───── Provided entries ─────

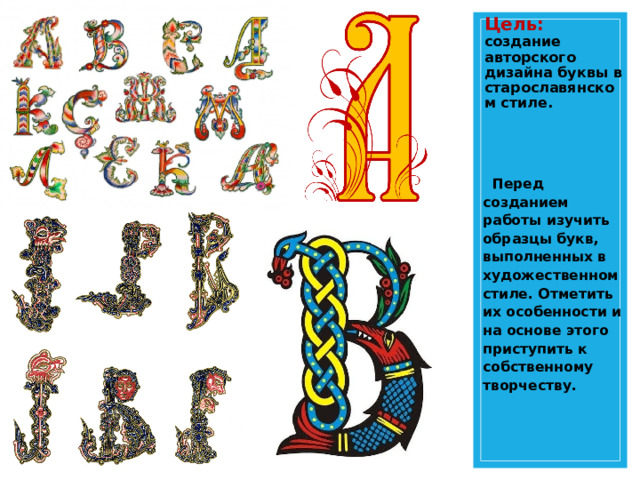 Цель: создание авторского дизайна буквы в старославянском стиле.  Перед созданием работы изучить образцы букв, выполненных в художественном стиле. Отметить их особенности и на основе этого приступить к собственному творчеству.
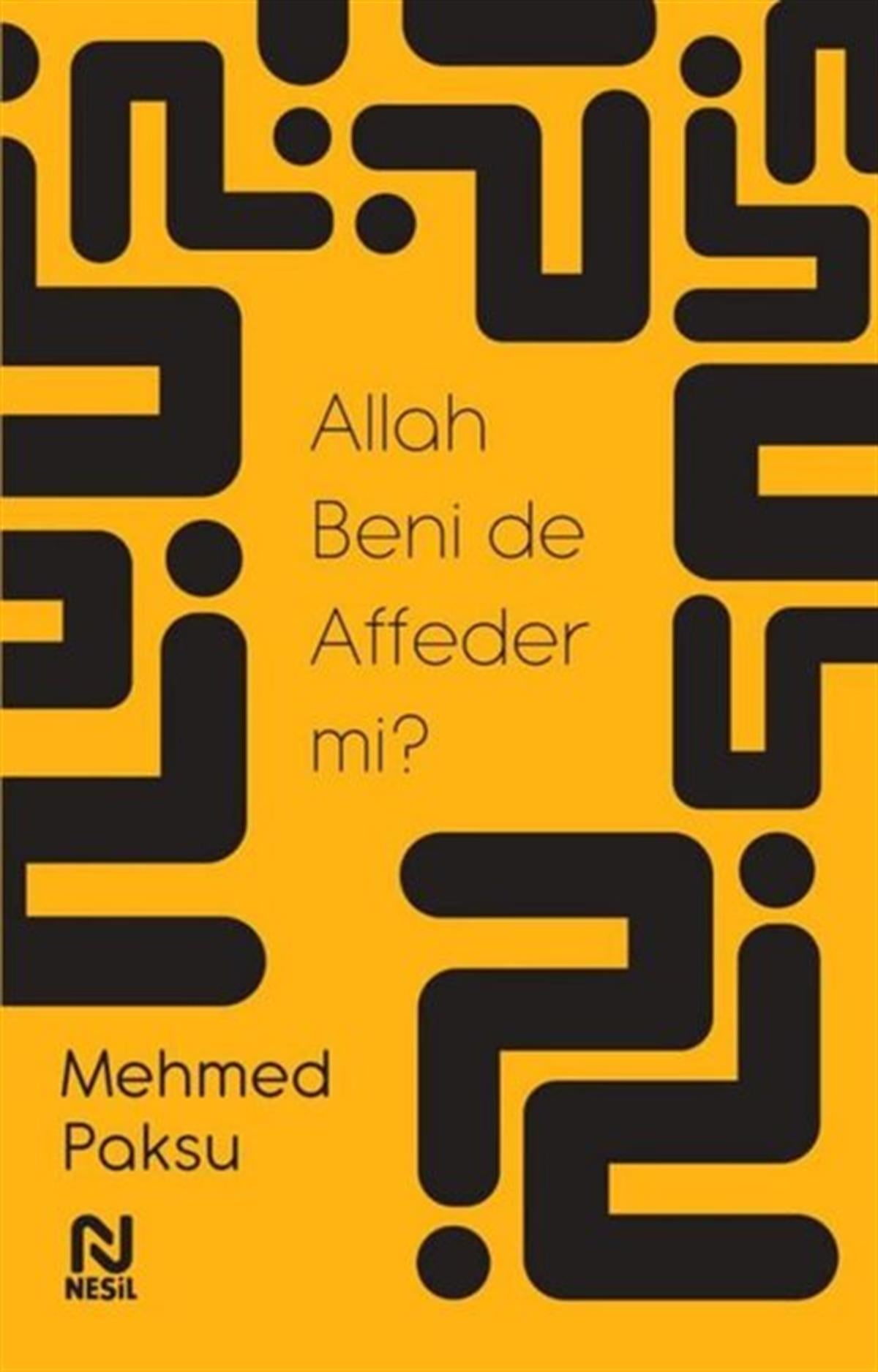 Mehmed PaksuDinAllah Beni de Affeder mi?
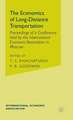 The Economics of Long-Distance Transportation: Proceedings of a Conference held by the International Economic Association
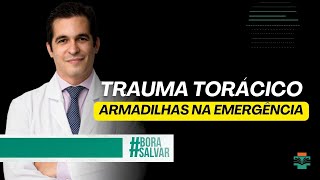 TRAUMA TORÁCICO  ARMADILHAS NA EMERGÊNCIA [upl. by Ahsiemaj]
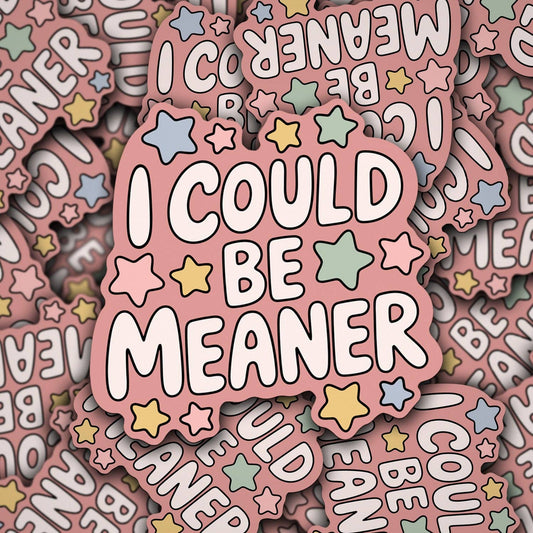 Sticker - I Could Be Meaner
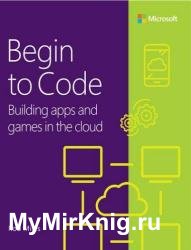 Begin to Code: Building apps and games in the Cloud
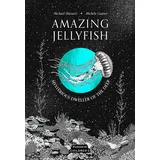 Pushkin Children's Books Amazing Jellyfish: Mysterious Dweller of the Deep (Amazing Ocean)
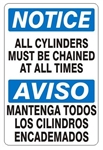 NOTICE ALL CYLINDERS MUST BE CHAINED AT ALL TIMES, Bilingual Safety Sign, Choose 7 X 10 - 10 X 14, Self Adhesive Vinyl, Plastic or Aluminum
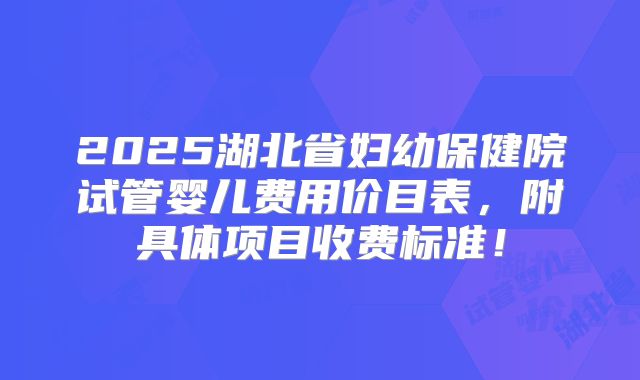 2025湖北省妇幼保健院试管婴儿费用价目表，附具体项目收费标准！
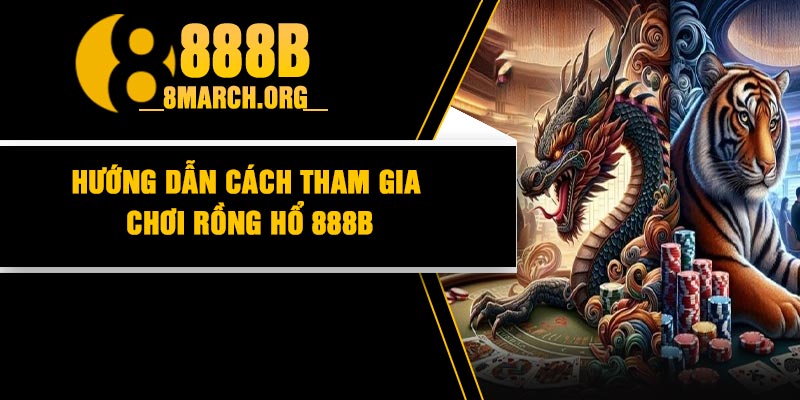 Hướng dẫn cách tham gia chơi rồng hổ 888B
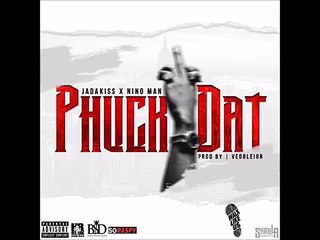Jadakiss Ft. Nino Man - Phuck Dat [New-2016-CDQ-Dirty]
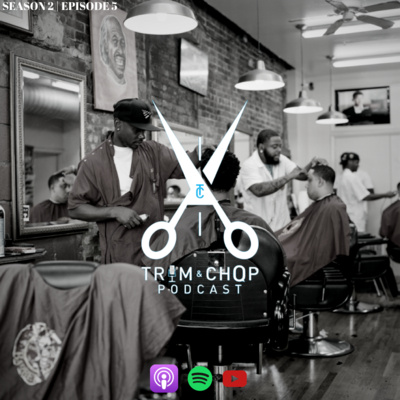 The Trim & Chop Podcast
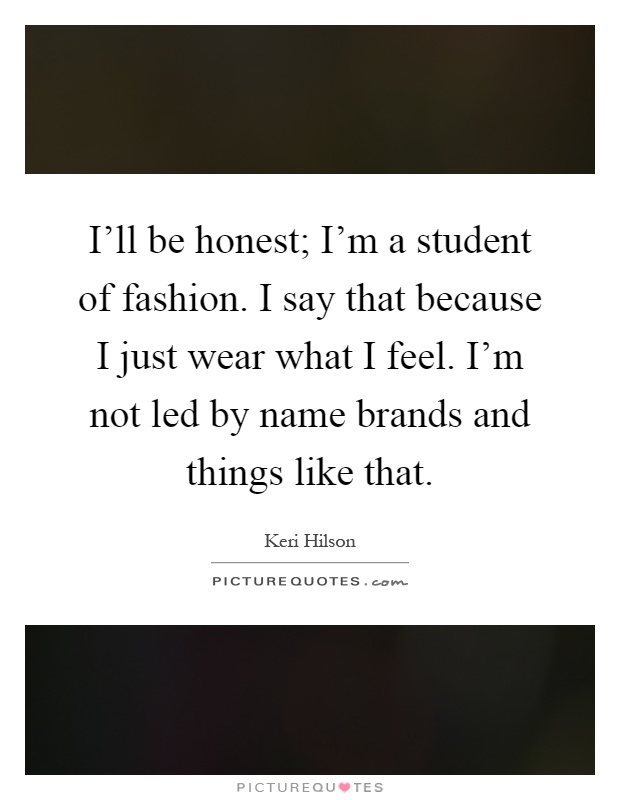 I'll be honest; I'm a student of fashion. I say that because I just wear what I feel. I'm not led by name brands and things like that Picture Quote #1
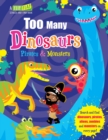 Too Many Dinosaurs, Pirates & Monsters - Book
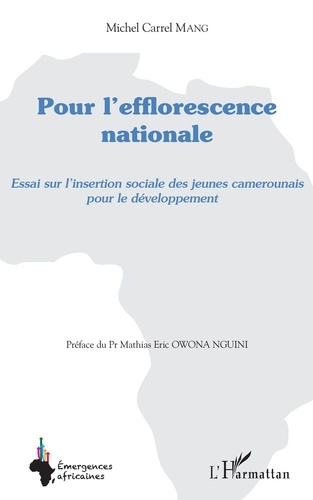 Pour l'efflorescence nationale. Essai sur l'insertion sociale des jeunes camerounais pour le développement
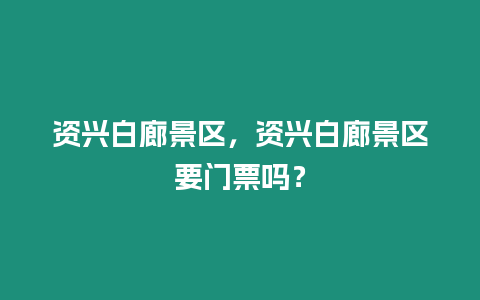 資興白廊景區，資興白廊景區要門票嗎？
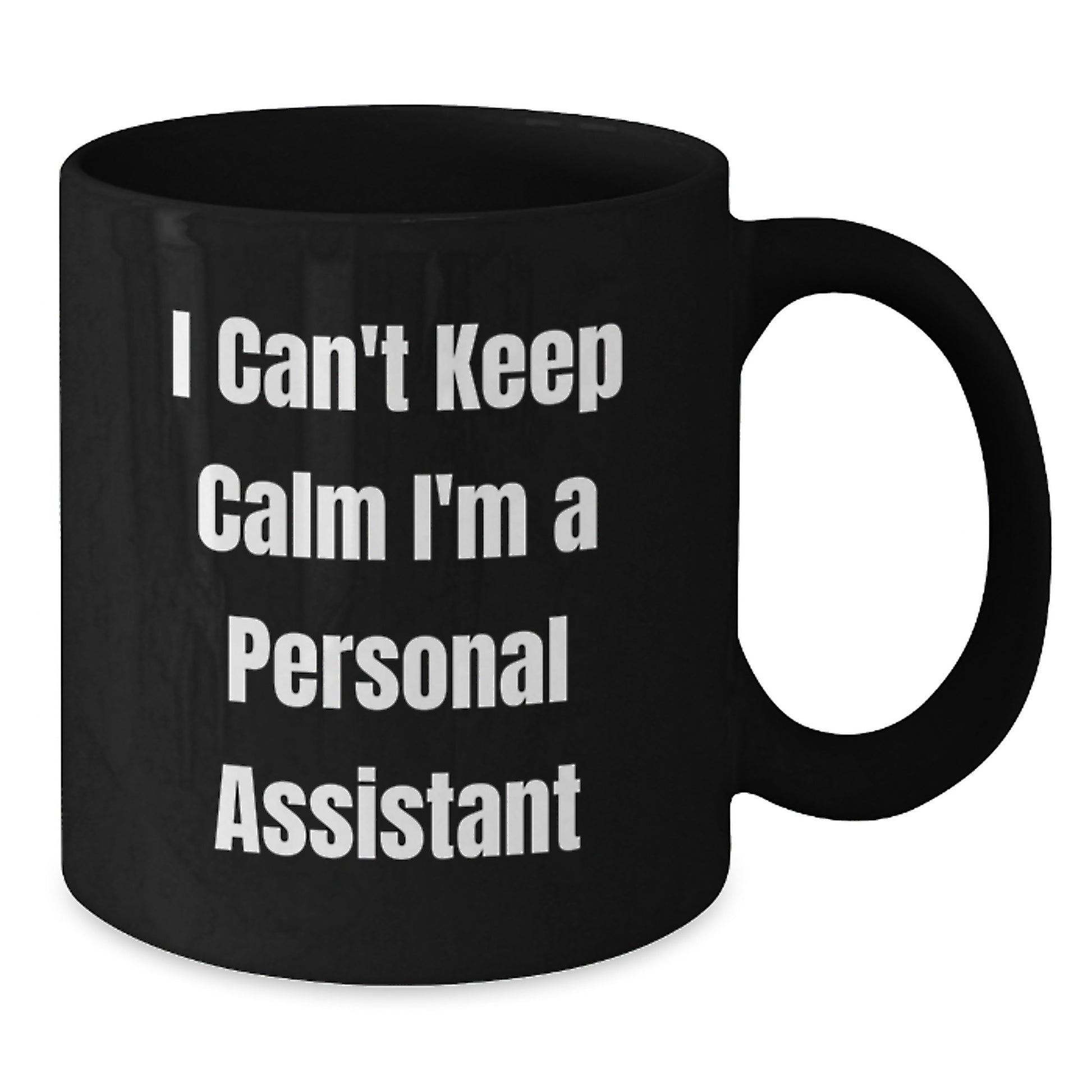Funny Personal Assistant Gifts for Men, Unique Black Coffee Mug I Cant Keep Calm Im A Personal Assistant Gifts from Friends Family - Additional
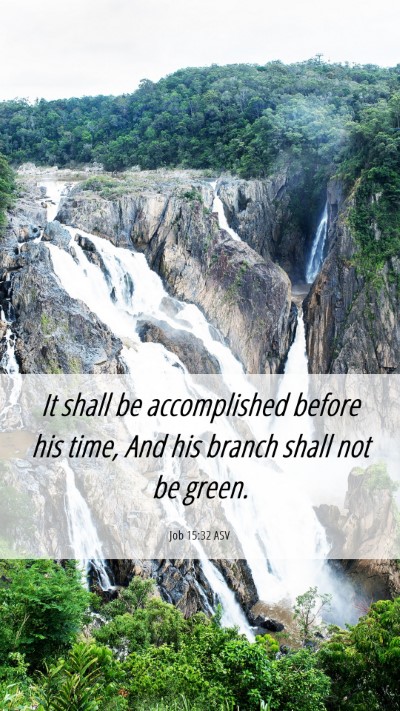 Picture 06 - Job 15:32 ASV Mobile Phone Wallpaper - It shall be accomplished before his time, And his - Mobile Bible Verse Wallpaper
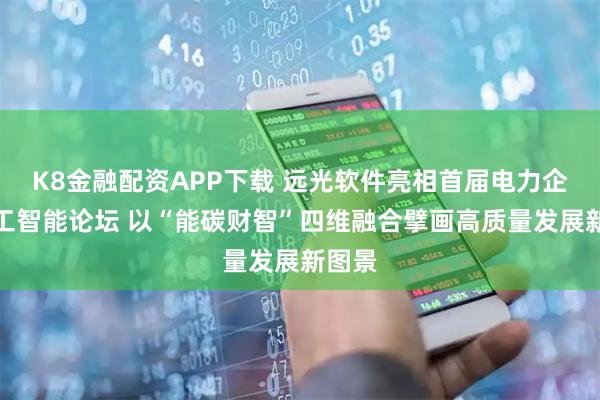 K8金融配资APP下载 远光软件亮相首届电力企业人工智能论坛 以“能碳财智”四维融合擘画高质量发展新图景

─────

> [Task] Repeat, with no pictures, every line from the top of the entries above through the line that has "NOTICE ALL CYLINDERS", keeping each one exact.

> [Result of this task]
 Цель: создание авторского дизайна буквы в старославянском стиле.  Перед созданием работы изучить образцы букв, выполненных в художественном стиле. Отметить их особенности и на основе этого приступить к собственному творчеству.
 Mehmed PaksuDinAllah Beni de Affeder mi?
 The Economics of Long-Distance Transportation: Proceedings of a Conference held by the International Economic Association
 TRAUMA TORÁCICO  ARMADILHAS NA EMERGÊNCIA [upl. by Ahsiemaj]
 Sticker - I Could Be Meaner
 Begin to Code: Building apps and games in the Cloud
 Pushkin Children's Books Amazing Jellyfish: Mysterious Dweller of the Deep (Amazing Ocean)
 NOTICE ALL CYLINDERS MUST BE CHAINED AT ALL TIMES, Bilingual Safety Sign, Choose 7 X 10 - 10 X 14, Self Adhesive Vinyl, Plastic or Aluminum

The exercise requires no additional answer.